Records contained in a dataset:
=== Begin Enclosure ===

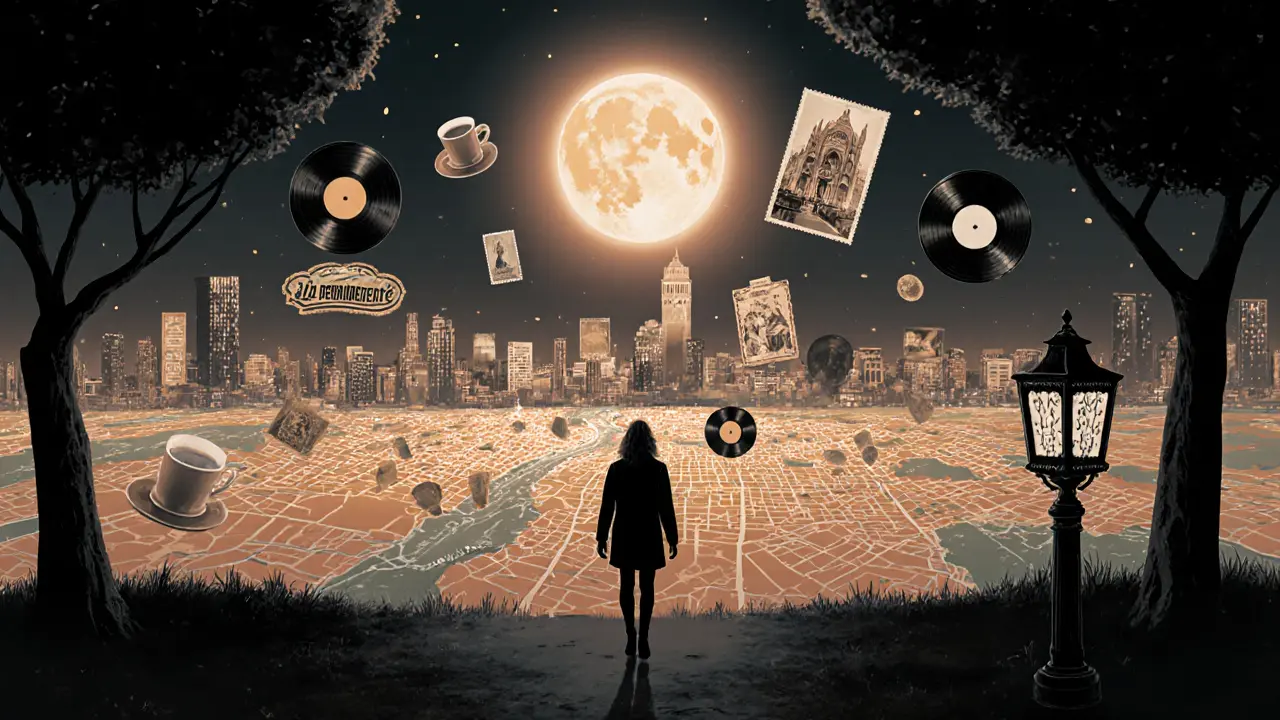 A dreamlike map of Milan reveals hidden cultural spots illuminated under moonlight in a quiet park.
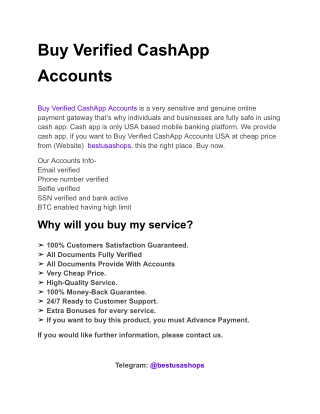 Buy Verified CashApp Accounts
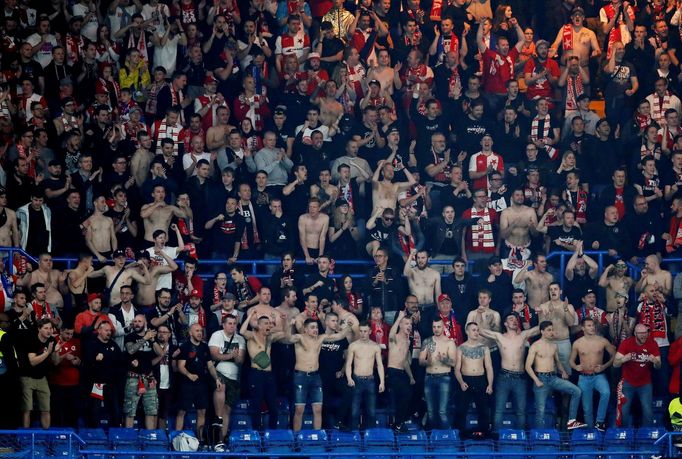 fotbal, odveta čtvrtfinále Evropské ligy, Chelsea - Slavia, fanoušci Slavie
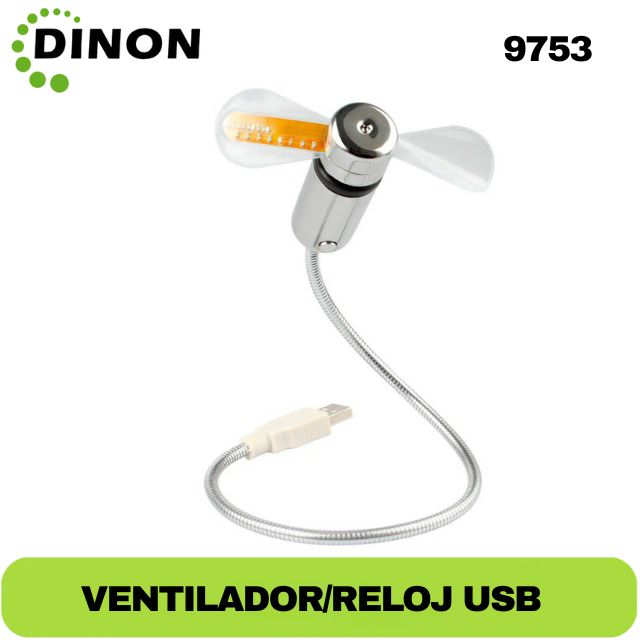 RELOJ VENTILADOR PORTATIL USB LED - SKU: 9753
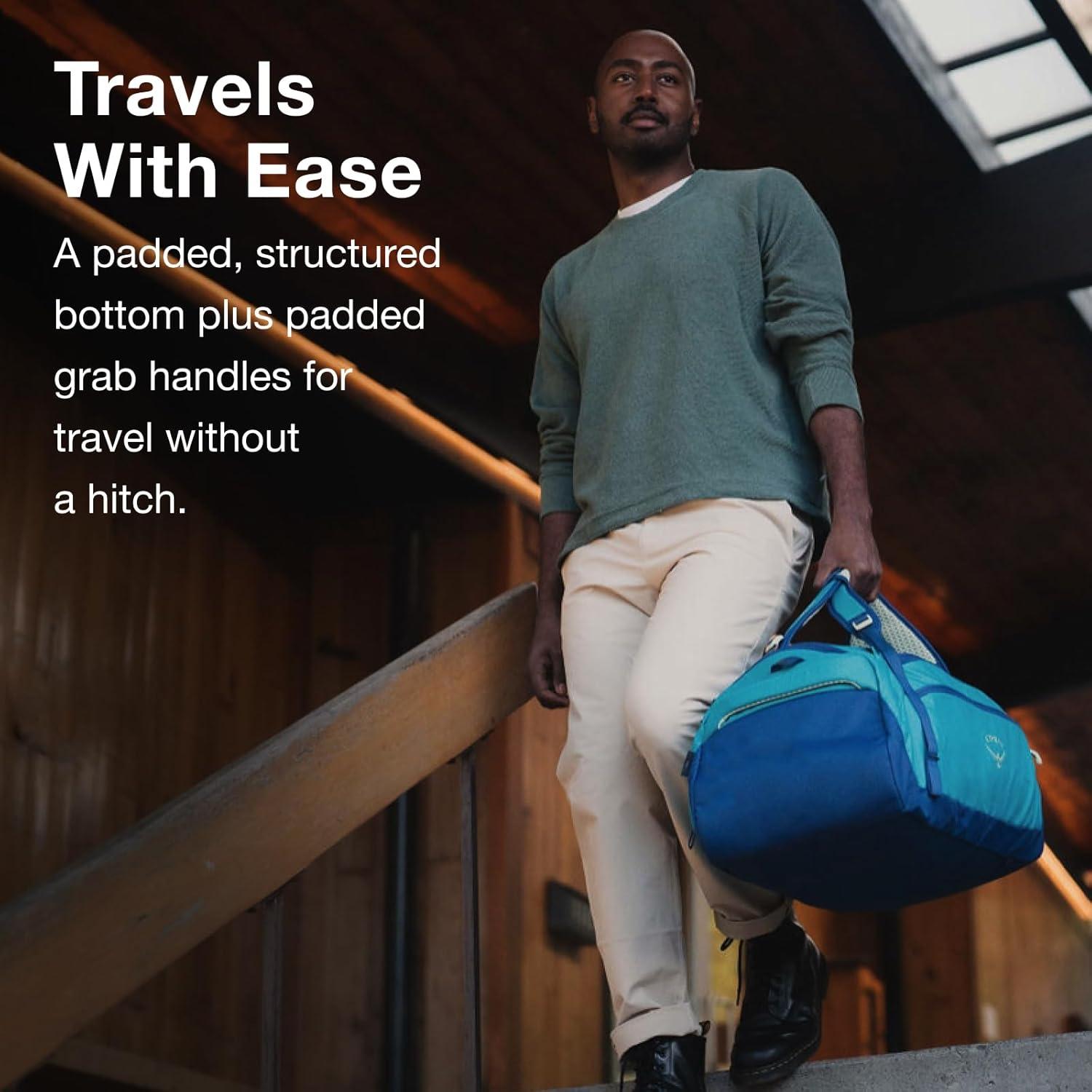 imageOsprey Daylite Duffel Backpack Convertible Everyday Duffel Bag for Gym Commute and TravelNight Shift Blue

=== End Enclosure ===

From the first line above to the line containing "fotbal, odveta čtvrtfinále", repeat each line exactly. Pictures stay out.

 A dreamlike map of Milan reveals hidden cultural spots illuminated under moonlight in a quiet park.
 Buy Verified CashApp Accounts
 fotbal, odveta čtvrtfinále Evropské ligy, Chelsea - Slavia, fanoušci Slavie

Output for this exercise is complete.